I’ve been thinking a lot about HBO’s Girls lately and whether or not I like it, and, regardless of my response to that question, why. I don’t care that it might be the product of nepotism, or that it’s predominantly comprised of Caucasian actresses. (Although it does seem strange that these people live in New York Fucking City and they never come in contact with anyone other than white people.)
I don’t care about the characters in the show; I don’t care if the experiences that the show portrays are authentic or relevant. The characters these women play live lives I’m unfamiliar with. I don’t care that they use bad words or talk about masturbating, or have disturbingly filthy pillow talk with the guy they happen to be fucking. None of those things make a bit of difference to me, and none of them dispel any preconceived notions I have of the fairer sex.
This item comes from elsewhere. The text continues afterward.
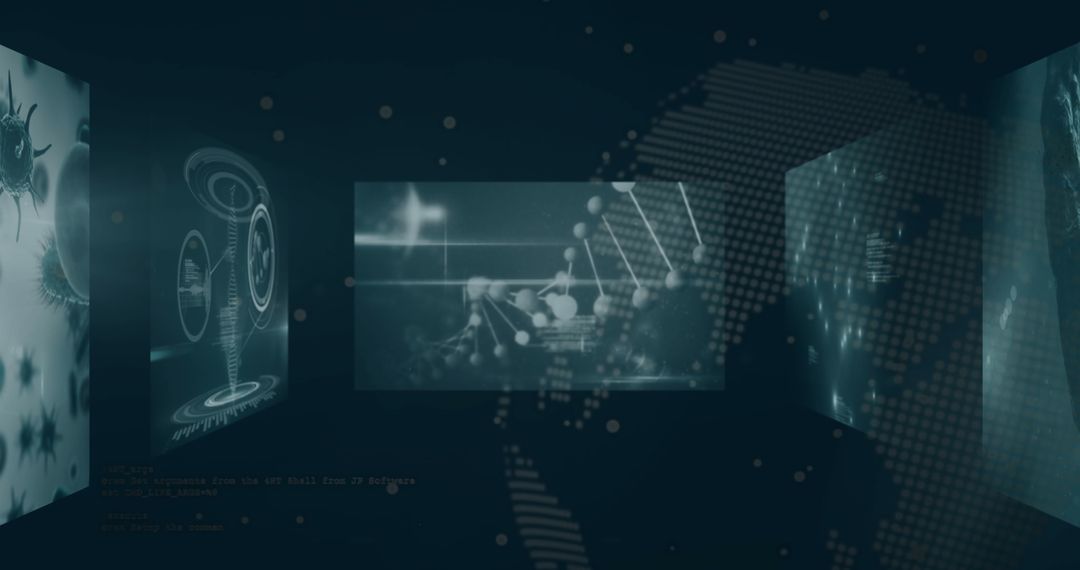 Holographic Panels in High-Tech Virtual Laboratory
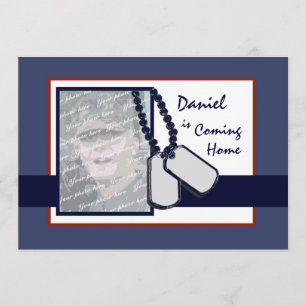 Militärische Begrüßung Zuhause Einladung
Is something made more humorous by the use of a well-placed bad word? Cool. The type of genitals the actor who delivers said line has makes no difference.
But really, I think the thing that has been irking me about the show is its inability to create any real depth in relationships that they want us to believe are just that. Maybe there are people in the world who live their lives in the way these women do, where every relationship is shallow, lacking in anything more substantial than shared rent or college attended. But I don’t think it’s the norm.
Let’s take this past week’s episode, where worldly girl’s virgin cousin smokes crack accidentally. Instead of genuine concern for her cousin/friend, worldly girl gets a random stranger to watch over her cousin, because she couldn’t be bothered right then. I don’t fucking understand that.
And I think that’s the rub for me. As goofy as accidentally smoking crack could be, Girls wants us all to take it seriously, not as a gag or spoof on the lives of twentysomething women. The awkward interactions and the personal realizations that are meant to be so revealing really aren’t more than awkward, and almost never connect.
Granted, I’m an early thirtysomething male who has never lived in New York, so it might just be that I don’t understand. But I’d like to think that I understand friendships and relationships, and because of that I can spot the fact that Girls isn’t an accurate portrayal of real ones.